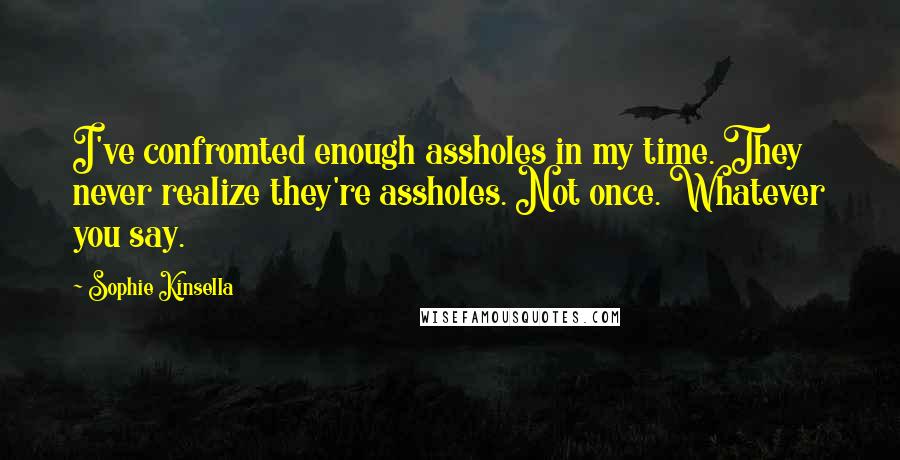 Sophie Kinsella Quotes: I've confromted enough assholes in my time. They never realize they're assholes. Not once. Whatever you say.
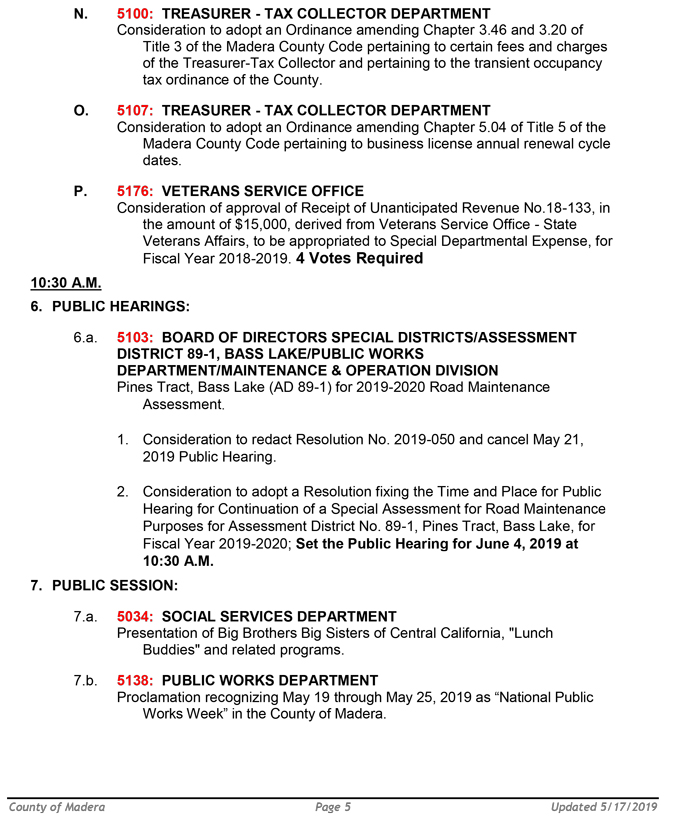 2019 05 21 madera county BOS Public Agenda 5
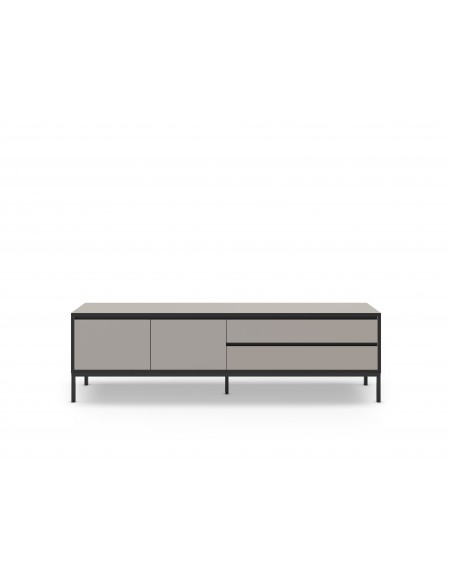 Mueble de TV moderno LORENZA 180 x 50, melamina crema y negro, patas de metal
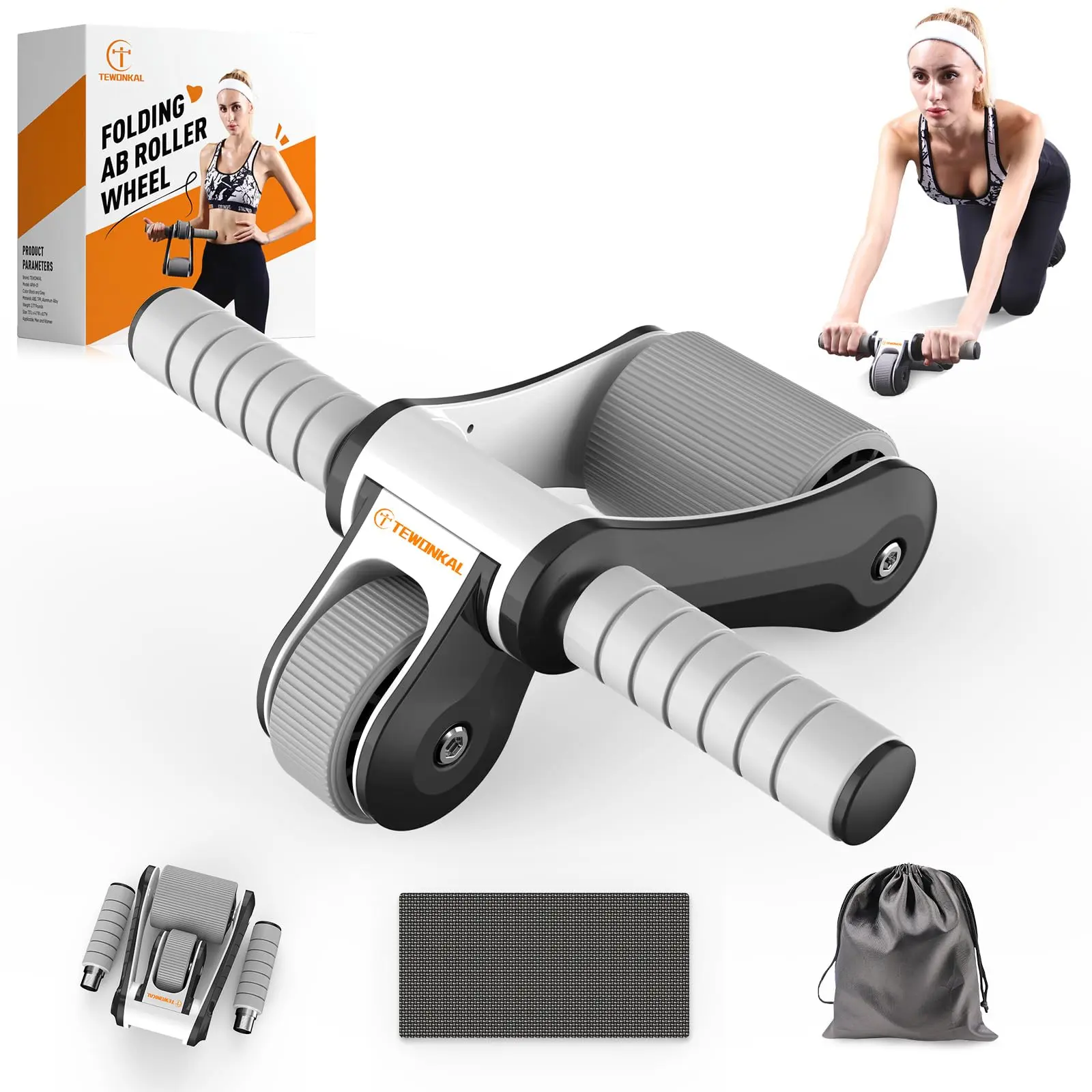 Foldable Ab Roller Wheel for Men and Women, Portable Core Workout Equipment for Home, Gym, and Outdoors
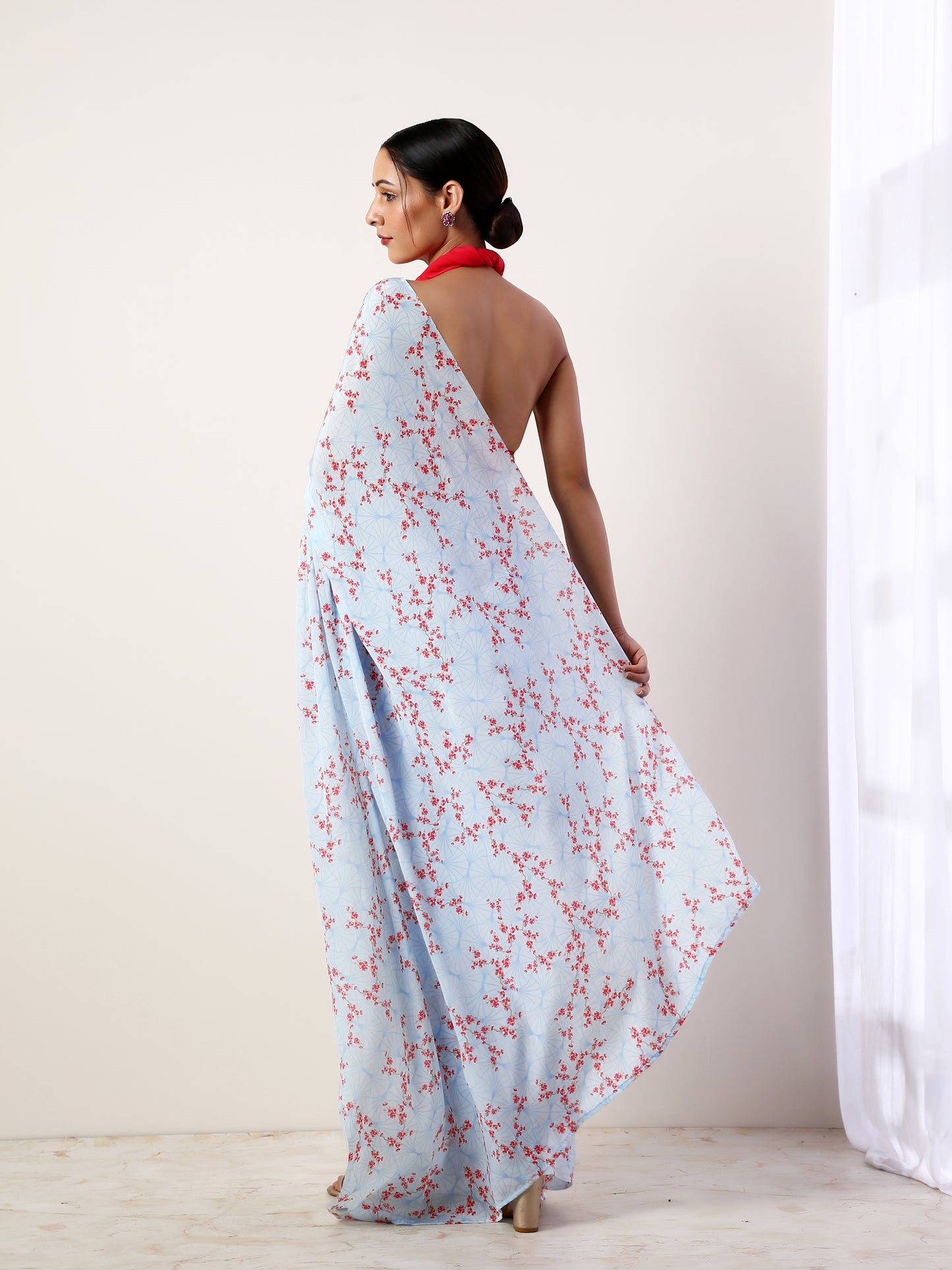 Sky Blue Crepe Saree(set of 2)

> **ASSIGNED TASK**
Leave out every picture and transcribe the remaining entries exactly.

> **FINISHED EXERCISE**
 Sophie Kinsella Quotes: I've confromted enough assholes in my time. They never realize they're assholes. Not once. Whatever you say.
 2019 05 21 madera county BOS Public Agenda 5
 Mueble de TV moderno LORENZA 180 x 50, melamina crema y negro, patas de metal
 Foldable Ab Roller Wheel for Men and Women, Portable Core Workout Equipment for Home, Gym, and Outdoors
 Sky Blue Crepe Saree(set of 2)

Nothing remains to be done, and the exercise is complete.